Pictured, above: “You’d Be Prettier if You Smiled” – The Temple Sisters, mixed media on canvas, 40″x 60″
You’d Be Prettier if You Smiled: Identity, Gender and Dissonance provides insight into the tension between genders and the relative place of women in contemporary culture.
This show questions our culturally accepted norms of feminine expression by calling attention to the idea that stereotypes pervade our culture not only with words — such as chauvinistic labels like “hysterical” and “shrill” — but also with images and objects — such as lace on one hand, or saw blades on the other — that connote stereotypical ideas of feminine and masculine.
Marie Porges’ destroys and then reconstructs ancient Gothic books into tools, such as saw handles. Susan Abbot Martin creates hand-made doilies on saw blades; the friction between these two materials highlights the tension between genders. The Temple Sisters, Holly and Ashlee, deconstruct images of young women beaming with energy, but constricted by torn paper, notes and ephemera. However one chooses to interpret these works, it is clear that each artist skillfully grapples with the distillation and presentation of female stereotypes.
This exhibition continues the dialog begun recently at The Monterey Museum of Art with The New Domestics, Finding Beauty in the Mundane.
Jeanne d’Orge, Cherry Center founder, would embrace this show as continuing the feminist spirit of artists such as Miriam Schapiro, Jenny Holzer, Eva Hesse and Louise Bougeois who have all contributed to the long fought recognition of women’s art as a critical contribution to contemporary art.
– Gail Enns
About the Artists:
The Temple Sisters work in mixed media and generate large and small works on canvas and paper, as well as smaller three-dimensional assemblages. Their work reflects their fascination with the effects of time and memory upon iconography – personal, spiritual and cultural. Each piece created is meant to engage the viewer in questions of the temporal nature of the image(s), personal memory and the hidden stories that are re-imagined through age and displacement.

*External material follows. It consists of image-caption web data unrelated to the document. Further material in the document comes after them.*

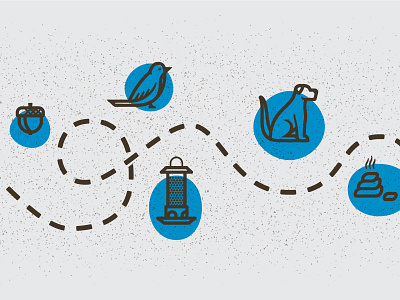 Scavenger Hunt acorn bird bird feeder dog grain icons iconset line work map nature poop trail vector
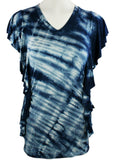 Gypsy Daisy - Blue Tie Dye, Ruffled Short Sleeve V-Neck Young Contemporary Top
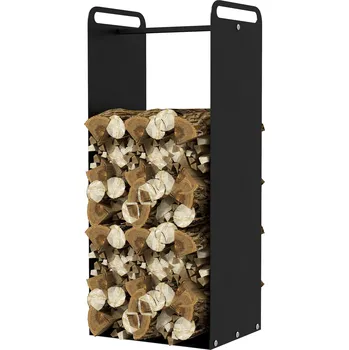 Stojan na palivové dřevo Outsunny 36 x 30 x 90 cm, s držadly, stojan na palivové dřevo pro venkovní použití, pro vnitřní použití, do 30 kg, ocel, černý | Aosom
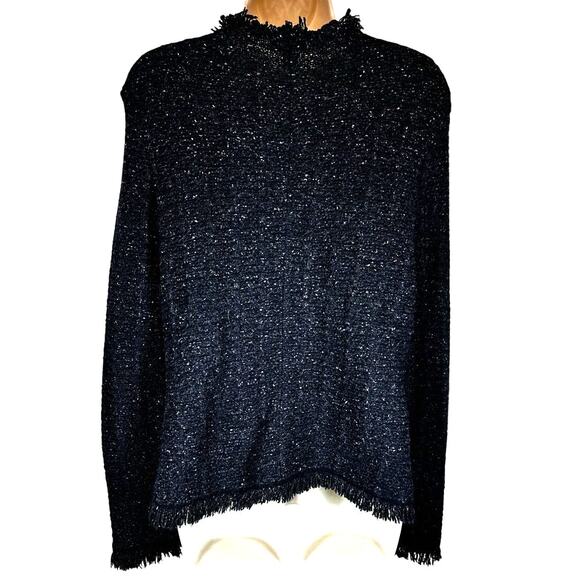 Talbots medium petite women black fringe button blazer wool alpaca academia boho - Picture 2 of 6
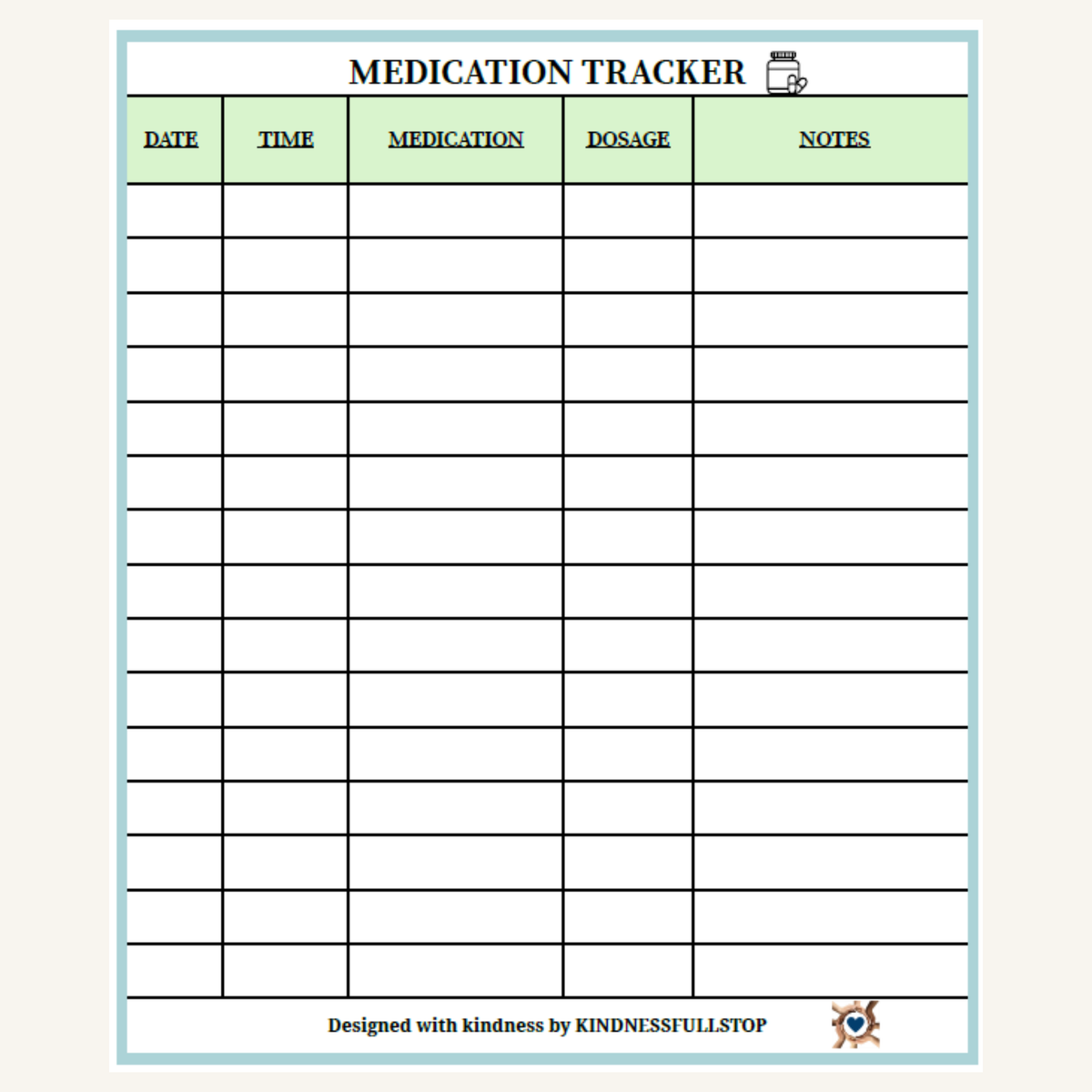 Medication Tracker | Daily Pill Schedule & Dosage Log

Holly Temple studied art and art history at the San Francisco Academy Art, San Francisco State University and at C.S.U. in Florence, Italy. She worked in New York for many years as an Art Director at Avon, Christian Dior, Estee Lauder, David Yurman, among others and currently runs her own freelance graphic design company in Carmel-by-the-Sea, California.
Ashlee Temple studied theatre at N.Y.U. and received her M.F.A. from the Yale School of Drama. She continues to work in theatre as a director and teacher in Stockton, CA.
Susan Abbott Martin received her MFA in 1981 from the California College of Arts and Crafts. Martin has exhibited at the Oakland Museum at City Center; Cuesta College in San Luis Obispo; San Francisco Museum of Modern Art Artist Gallery; and Dennos Museum at Northwestern Michigan State, Traverse City.
Her work has been reviewed in Art Forum, the SF Chronicle, Artweek, and the World Herald in Omaha, Nebraska. Martin has received numerous grants, awards and residencies, including two grants from the Pollock Krasner Foundation; the Lila Wallace Reader’s Digest International Artists Program at Monet’s garden in Giverny, France; the Bemis Foundation in Omaha, Nebraska; and Yaddo in Saratoga Springs, New York. She currently lives and works in Oakland, California.
Maria Porges is an artist and writer whose work has been exhibited widely in solo and group exhibitions since the late 1980s. She received a SECA award from the San Francisco Museum of Modern Art and has been in residence at the Headlands Center for the Arts twice.
A finalist for the Creative Capital/Warhol Foundation Art Writer’s Grant in 2014, her critical writing has appeared in many publications, including Artforum, Art in America, Sculpture, American Ceramics, Glass, New York Times Book Review, and a host of other now-defunct art magazines. She has also authored essays for over 100 exhibition catalogues and dozens of scripts for museum audio tours. Porges is an Associate Professor at California College of the Arts.